A recent study concluded that CyreneTM could be a safer and more sustainable alternative to the solvents currently used in medical implants and drug delivery systems. The research found that renewable solvent CyreneTM, made by biotech company Circa Group, can produce high-purity nanoparticles.
According to its website “Circa Group converts waste, non-food biomass into advanced bio-based chemicals with its proprietary Furacell™ process. Circa’s FuracellTM process reduces the carbon footprint of Cyrene by up to 80% compared to similar petro-based solvents. Reduction in GHG emissions are also expected in both the use and at the end-of-life stages of Cyrene™. By creating renewable chemicals from cellulose, Circa is extracting value from non-food, waste biomass and addressing a gap in the market by providing bio-based alternatives contributing to a more circular economy.”

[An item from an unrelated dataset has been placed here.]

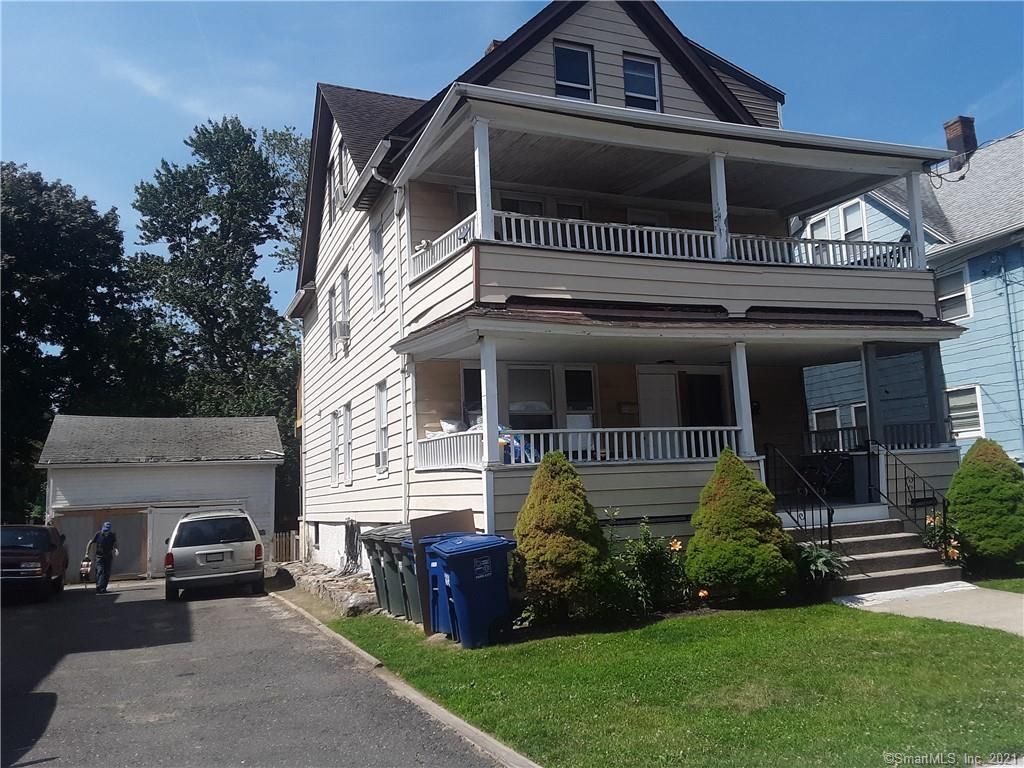115-117 Harborview Ave, Bridgeport, CT 06605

The study, which took place in Germany used bio-based CyreneTM to produce poly (lactic-co-glycolic acid) nanoparticles for drug delivery systems. Both CyreneTM and the resulting nanoparticles were found to be biocompatible, and are perfectly suitable to substitute the toxic and harmful organic solvents that are commonly used in their preparation. Employing Cyrene™ produced high-quality nanoparticles and also led to an important decrease in preparation time when compared to industry-standard solvents.
Over one million tonnes of conventional dipolar aprotic solvents are used per year, although under strong regulatory measures, due to their toxicity; CyreneTM is a renewable and safer alternative to these.
The lead researcher on the project, Professor Dagmar Fischer, from the Friedrich-Alexander-Universität Erlangen-Nürnberg, said, “In comparison to the standard techniques used for the formulation of drug loaded polymer nanoparticles, interestingly with CyreneTM it is possible to effectively reduce process time and process steps.”
Tony Duncan, CEO of Circa Group, said, “We are not surprised that CyreneTM continues to show performance benefits in a range of medical and pharmaceutical applications. Extensive research shows it is a safer and more sustainable, high-performance alternative.”